Why encrypt your disk
PrivateDocs AI keeps document processing on your hardware. If the storage is not encrypted, anyone who boots the drive from another OS or removes the SSD may be able to read files without your account password. OS-level encryption ties decryption to your login or recovery key so raw sectors stay opaque.
An unlocked, running computer can still be used by anyone at the keyboard. Combine disk encryption with locking the screen when you step away.
macOS (FileVault)
- Open System Settings (or System Preferences on older macOS).
- Go to Privacy & Security → FileVault.
- Turn FileVault On and follow the prompts to choose a recovery method.
- Store your recovery key in a safe place separate from the Mac.

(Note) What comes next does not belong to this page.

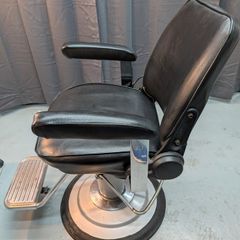 Takara Belmont  GT barber salon chair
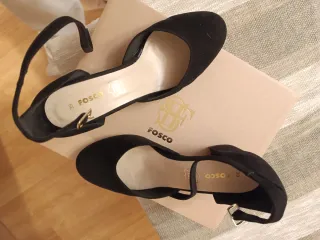 Zapatos de ante negros con pulsera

Apple documents FileVault in its support library; use the latest guide for your macOS version because menu names can shift slightly between releases.
Windows (BitLocker)
- Open Settings → Privacy & security → Device encryption or BitLocker (edition-dependent).
- Enable encryption for the system drive and any other fixed volumes that hold your vault.
- Back up the recovery key to your Microsoft account, USB, or printed backup as offered.
BitLocker requires Windows Pro, Enterprise, or Education on many setups; Home editions may offer device encryption when hardware requirements are met. Check Microsoft's documentation for your SKU.
Linux (LUKS)
Most desktop installers let you encrypt the entire disk with LUKS at install time. If you add a new volume later, you can create an encrypted partition or use encrypted home directories — the goal is the same: keys are required before file contents are readable outside a running, authenticated session.
- Prefer full-disk or full-partition LUKS for simplicity.
- Record passphrases and any recovery tokens offline.
- After major distro changes, verify your vault path still lives on an encrypted volume.
Lost or stolen hardware
With encryption on and a strong login password, a powered-off or hibernating laptop is much harder to read. Report theft according to your organization's policy, rotate passwords for accounts that were signed in on that device, and revoke sessions where the product offers that control.